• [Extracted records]
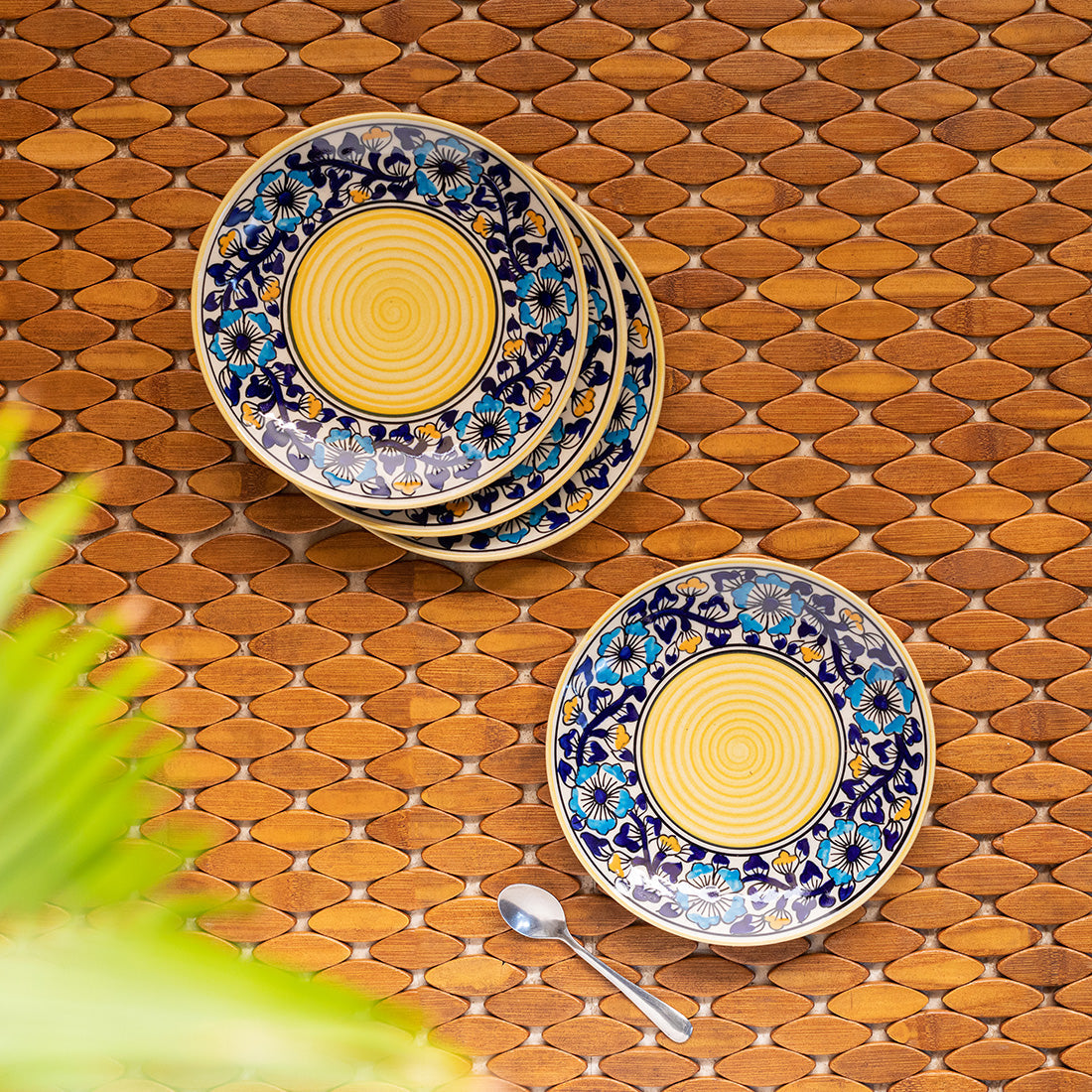 'Badamwari Bagheecha' Hand-Painted Ceramic Side/Quarter Plates (Set of 4, Microwave Safe)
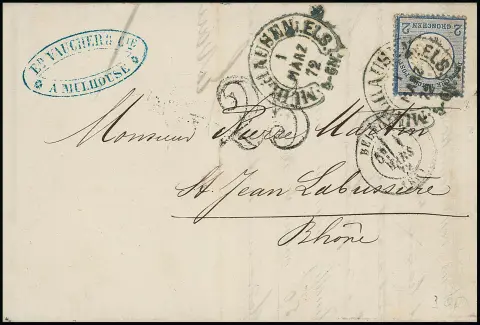 "Mühlhausen i. Els.", bessere Type 26-3 in bläulichschwarz in Doppelfrankatur mit Taxstempel "25" auf Faltbrief mit 2 Gr. kl. Brustschild (leichte Faltspur)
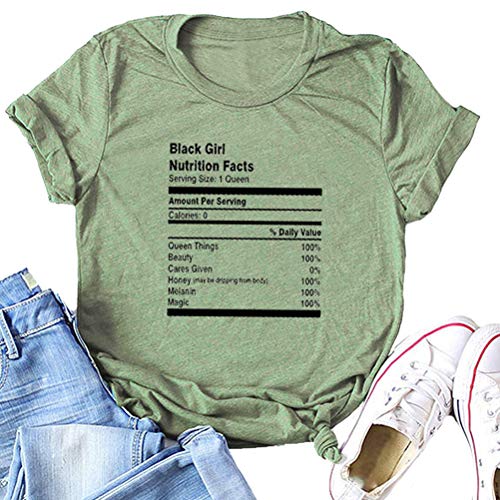 Black Girl Nutrition Facts T-Shirt Afro Women T-Shirt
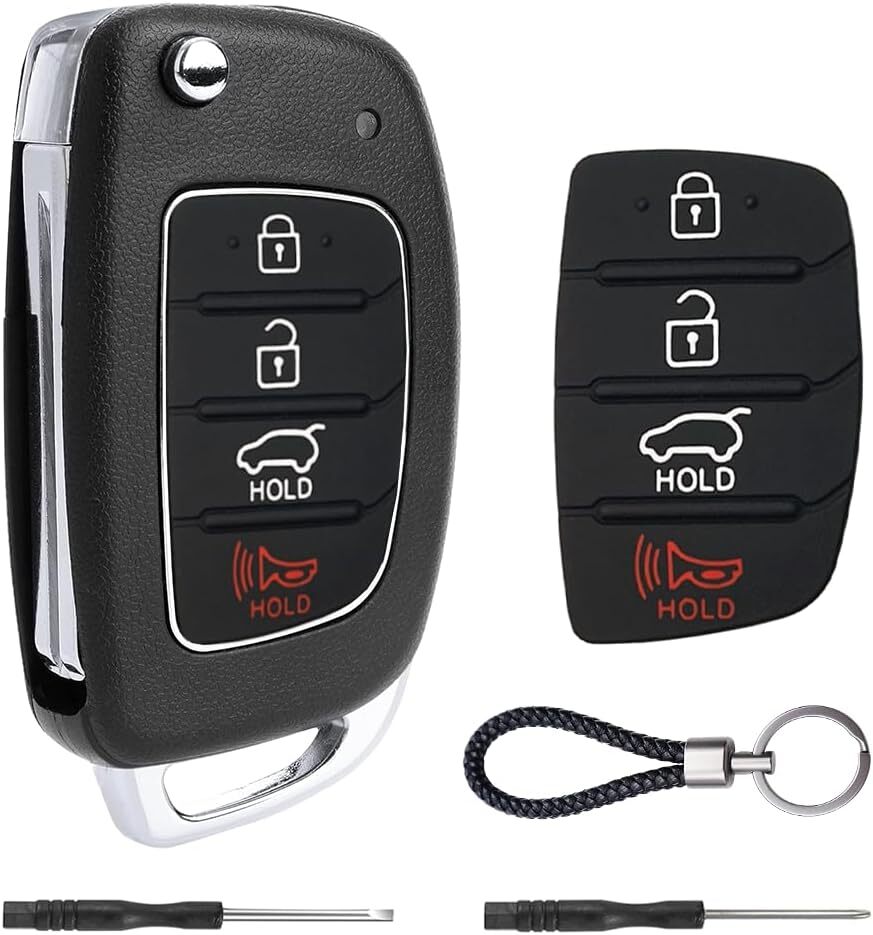 Key Fob Case for Hyundai Sonata Santa Fe Sport with Insert Rubber Pad Keypad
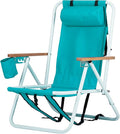 1 Pcs Folding Backpack Beach Chair 4 Position Portable Camping Chair with Headrest Cup Holder and Wooden Armrests (Green)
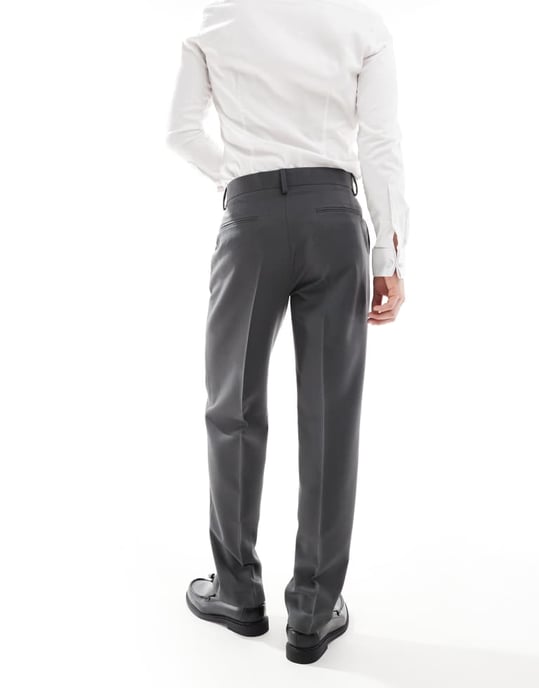 ASOS DESIGN smart raka byxor i kolgrå - Image 3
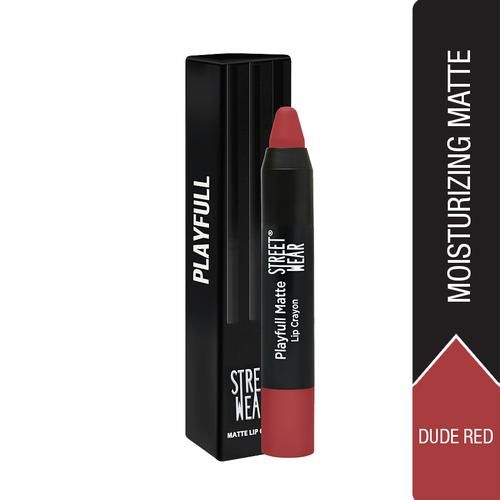 Street Wear Playfull Matte Lip Crayon - Enriched With Vitamin E & Shea Butter, Long-Lasting, 2.9 g Dude Red 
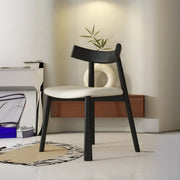 Black Curved Back Upholstered Wooden Dining Chairs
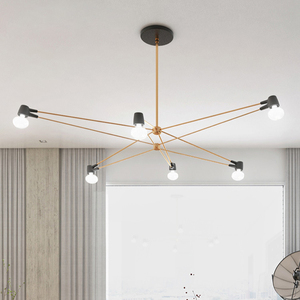 American Retro Industrial <span class=keywords><strong>Style</strong></span> Line Chandelier pour magasins Vêtements Magasin Luminaires Noir Or - Product Image 2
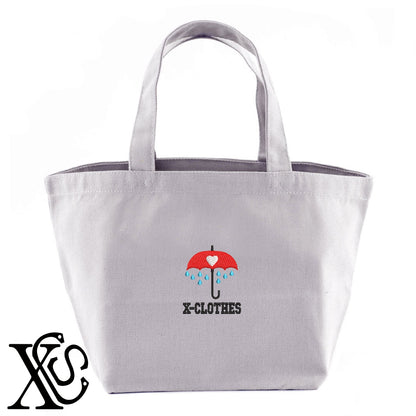 傘4柄 刺繍 キャンバス生地 ランチ ミニ トートバッグ レディース メンズ【X-CLOTHES】オリジナル グッズ 刺繍 ワンポイント 雑貨【b Black Camel】【g Natural Gray】 【2植物ロゴ-モチーフ】
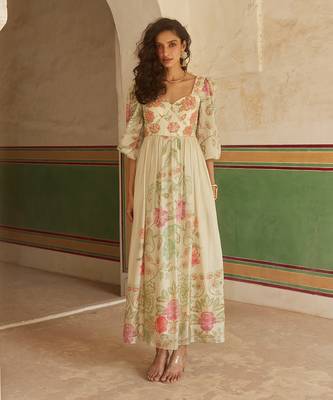 Ivory habutai printed floral sweetheart maxi dress 1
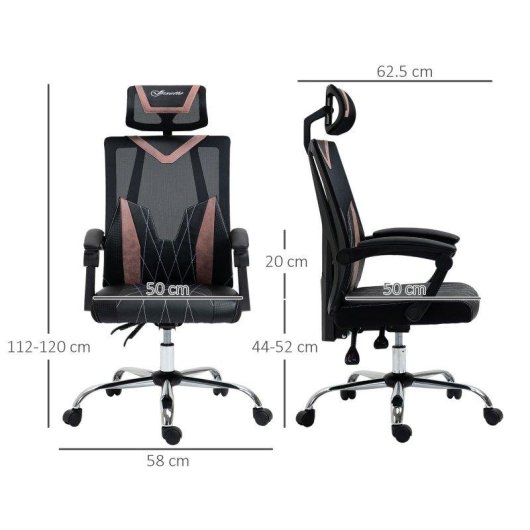 Sedia da Ufficio Ergonomica Aosom 58x62.5x112-120cm Rosa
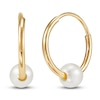 Thumbnail Image 1 of Children's Cultured Pearl Hoop Earrings 14K Yellow Gold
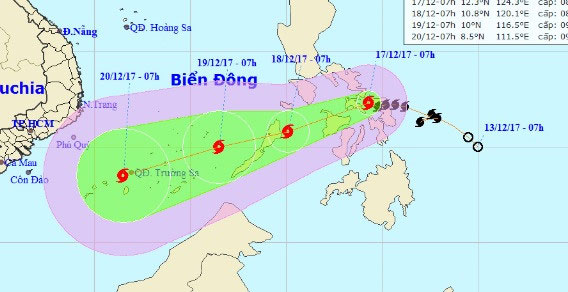 Bão Kai-tak đổi hướng di chuyển, không khí lạnh trải rộng xuống Nam Bộ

• [WHAT YOU NEED TO DO]
Though the entries above contain pictures, none should be copied; reproduce only the lines between the one holding "Black Curved Back" and the one holding "Ivory habutai printed", inclusive, exactly as written.

• [OUTPUT]
 Black Curved Back Upholstered Wooden Dining Chairs
 American Retro Industrial <span class=keywords><strong>Style</strong></span> Line Chandelier pour magasins Vêtements Magasin Luminaires Noir Or - Product Image 2
 傘4柄 刺繍 キャンバス生地 ランチ ミニ トートバッグ レディース メンズ【X-CLOTHES】オリジナル グッズ 刺繍 ワンポイント 雑貨【b Black Camel】【g Natural Gray】 【2植物ロゴ-モチーフ】
 Ivory habutai printed floral sweetheart maxi dress 1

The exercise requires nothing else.